Pi is an interesting number. The decimal part can go on forever (among other fun facts), but here is the real fascinating part (but first take note of the fact when written out with a few decimals, Pi is 3.141592653). Twice on this very Saturday, once in the morning and again in the evening, you can experience the date/time of 3/14/15 9:26:53. This amazing coincidence won't happen again for one hundred years!
Okay, back to food-related musings. A co-worker and I hosted a couple of Downton Abby events for rabid fans at the local library.
|One of the fascinators created. Some participants were very talented.|
After leading the group in crafting fascinators (those hair thingys that the royal crowd wear to formal occasions), we then conducted a very British tea service, including dainty cakes and pastries, many baked by library staff.
|Tables set for the tea service, artfully arranged by my co-worker.|
Besides giving a short course in proper tea etiquette (no pinkies please), my own baking contribution consisted of treacle tarts. A treacle (pronounced TREE-cull) tart is kinda-sorta like pecan pie, but with bread crumbs instead of pecans. And with a rich buttery, shortbread crust instead of a standard pie shell.
If you are a fan of Harry Potter movies, you may already know about treacle. It is the British generic term for any kind of molasses. The most famous brand is Lyle’s Golden Syrup. Larger supermarkets and specialty stores carry golden syrup, but a decent substitute can be made with corn syrup and molasses.
|Salad fork used to show perspective.|
Warning: treacle tarts are delicious, but cloyingly sweet! If you like your teeth as well as those of your guests', slice each tart into quarters and serve 1 piece per guest, graciously allowing them to
Adapted from: Downton Abbey Cooks
Yield: 8-12 small tarts, depending on size of tart pans
1 cup unbleached flour, plus extra for dusting
2 tbsp. sugar 1/2 tsp. table salt
6 Tbl. cold unsalted butter, cut up
2 large egg yolks
1/2 tsp. vanilla extract
1 - 2 Tbl. ice cold water
1 1/2 cups golden syrup (or 1 cup light corn syrup mixed with 1/2 cup molasses)
grated zest of 1 lemon
1 Tbl. fresh lemon juice
1/2 tsp. ground ginger
1 cup fresh bread crumbs
Preheat the oven to 375°F. Whisk together flour, salt and sugar. Using a food processor, pulse in butter until mixture resembles coarse sand. Pulse in egg yolks and vanilla just until incorporated. Add water, a tablespoon at a time until a smooth dough is formed. Wrap dough in plastic and chill in fridge for at least half an hour, up to 2 days.
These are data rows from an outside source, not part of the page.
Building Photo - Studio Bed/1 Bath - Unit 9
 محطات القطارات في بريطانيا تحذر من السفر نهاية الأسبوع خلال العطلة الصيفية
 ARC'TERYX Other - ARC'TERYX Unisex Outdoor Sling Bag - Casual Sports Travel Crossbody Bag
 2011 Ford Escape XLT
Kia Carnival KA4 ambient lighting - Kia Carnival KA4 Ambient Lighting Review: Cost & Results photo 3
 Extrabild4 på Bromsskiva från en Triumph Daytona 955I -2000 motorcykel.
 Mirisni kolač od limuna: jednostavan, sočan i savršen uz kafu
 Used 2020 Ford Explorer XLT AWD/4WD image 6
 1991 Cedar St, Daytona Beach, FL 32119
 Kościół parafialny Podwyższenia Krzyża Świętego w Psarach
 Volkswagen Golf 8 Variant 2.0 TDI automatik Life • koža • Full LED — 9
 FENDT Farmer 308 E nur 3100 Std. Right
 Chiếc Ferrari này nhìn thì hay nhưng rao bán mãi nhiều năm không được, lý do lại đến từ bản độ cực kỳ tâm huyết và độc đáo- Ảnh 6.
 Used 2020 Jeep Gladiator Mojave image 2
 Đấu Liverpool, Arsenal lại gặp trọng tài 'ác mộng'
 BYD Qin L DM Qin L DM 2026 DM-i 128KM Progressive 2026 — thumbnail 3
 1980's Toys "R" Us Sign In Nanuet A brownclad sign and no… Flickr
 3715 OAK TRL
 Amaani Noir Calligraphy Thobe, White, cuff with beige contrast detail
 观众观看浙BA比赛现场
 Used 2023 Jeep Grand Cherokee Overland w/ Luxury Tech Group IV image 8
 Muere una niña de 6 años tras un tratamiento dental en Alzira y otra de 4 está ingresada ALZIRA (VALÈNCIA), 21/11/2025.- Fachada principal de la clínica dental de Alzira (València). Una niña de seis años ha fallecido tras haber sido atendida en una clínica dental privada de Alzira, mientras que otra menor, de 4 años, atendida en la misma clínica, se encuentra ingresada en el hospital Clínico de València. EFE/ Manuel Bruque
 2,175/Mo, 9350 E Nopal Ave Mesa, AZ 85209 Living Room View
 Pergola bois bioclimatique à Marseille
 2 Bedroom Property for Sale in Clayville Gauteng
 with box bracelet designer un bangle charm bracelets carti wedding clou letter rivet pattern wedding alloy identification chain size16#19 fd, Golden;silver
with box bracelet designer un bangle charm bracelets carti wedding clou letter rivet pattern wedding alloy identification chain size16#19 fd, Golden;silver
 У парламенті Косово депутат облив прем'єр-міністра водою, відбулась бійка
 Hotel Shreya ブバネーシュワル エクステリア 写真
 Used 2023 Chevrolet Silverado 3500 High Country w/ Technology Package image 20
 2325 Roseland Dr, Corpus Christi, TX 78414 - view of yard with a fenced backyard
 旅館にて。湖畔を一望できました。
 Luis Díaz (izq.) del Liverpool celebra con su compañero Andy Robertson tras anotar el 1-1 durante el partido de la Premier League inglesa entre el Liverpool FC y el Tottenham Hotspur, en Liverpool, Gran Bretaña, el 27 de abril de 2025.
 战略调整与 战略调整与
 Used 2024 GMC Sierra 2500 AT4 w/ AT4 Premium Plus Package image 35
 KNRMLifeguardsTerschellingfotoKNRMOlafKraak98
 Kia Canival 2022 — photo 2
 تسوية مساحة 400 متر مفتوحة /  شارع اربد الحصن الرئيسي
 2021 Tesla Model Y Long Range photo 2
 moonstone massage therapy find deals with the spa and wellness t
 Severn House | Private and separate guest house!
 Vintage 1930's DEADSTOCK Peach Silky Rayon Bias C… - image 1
Unwrap chilled pastry and roll out as thinly as possible on a lightly floured surface. Cut dough into circles that fit your tart tins. Carefully pick up dough circles and place in tins, lightly working dough into the crevices of the tins. Lightly prick dough with a fork.
Bake for 5 minutes. Prick any bubbles that form on the crust, then bake for an additional 5-10 minutes or until the top is golden.
Heat Golden Syrup in a 2-quart saucepan over medium heat until mixture thins. Remove from heat; stir in zest, juice, ginger and bread crumbs.
| Two tablespoons of filling went into each tart. And, in case |
you were wondering, the mini-muffin tins are there only for show.
Pour mixture into tins. Note: the filling bubbles and tries to escape during the bake time, so fill only half way up the edges.
Bake until filling is set, about 10-15 minutes. Cool completely before removing tarts from tins.
Cut each tart into halves or quarters before serving.